§ **Problem to solve**
Reproduce the listing below from the line with "Satılır 3 otaqlı köhnə tikili 71 m²" to the line with "Directivos en el", both lines included, character for character, minus any pictures.

Material shown START

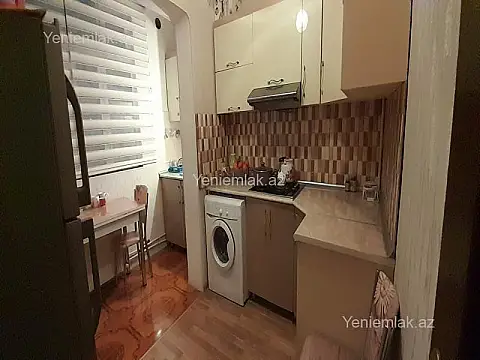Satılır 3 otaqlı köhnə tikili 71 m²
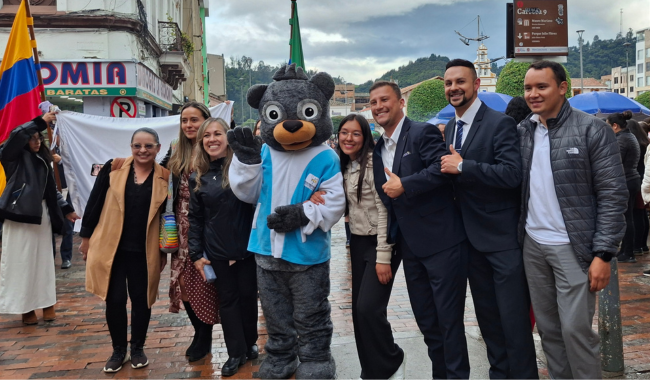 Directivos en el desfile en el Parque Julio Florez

Material shown END
Material shown START

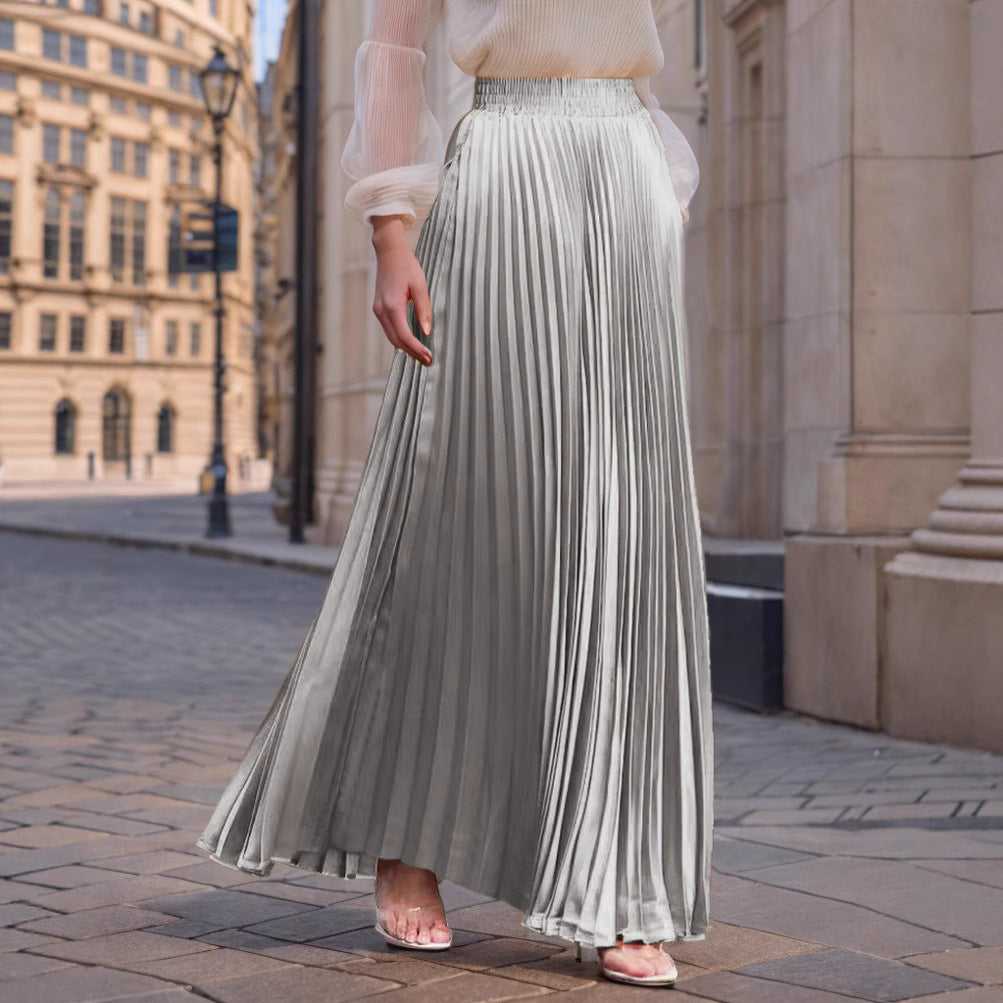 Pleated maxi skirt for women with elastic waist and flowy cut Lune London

Material shown END
Material shown START

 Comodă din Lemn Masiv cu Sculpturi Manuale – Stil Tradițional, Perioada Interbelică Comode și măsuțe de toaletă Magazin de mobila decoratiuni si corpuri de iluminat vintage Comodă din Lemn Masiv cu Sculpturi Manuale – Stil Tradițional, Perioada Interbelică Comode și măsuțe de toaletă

Material shown END

§ **Reply**
Satılır 3 otaqlı köhnə tikili 71 m²
 Directivos en el desfile en el Parque Julio Florez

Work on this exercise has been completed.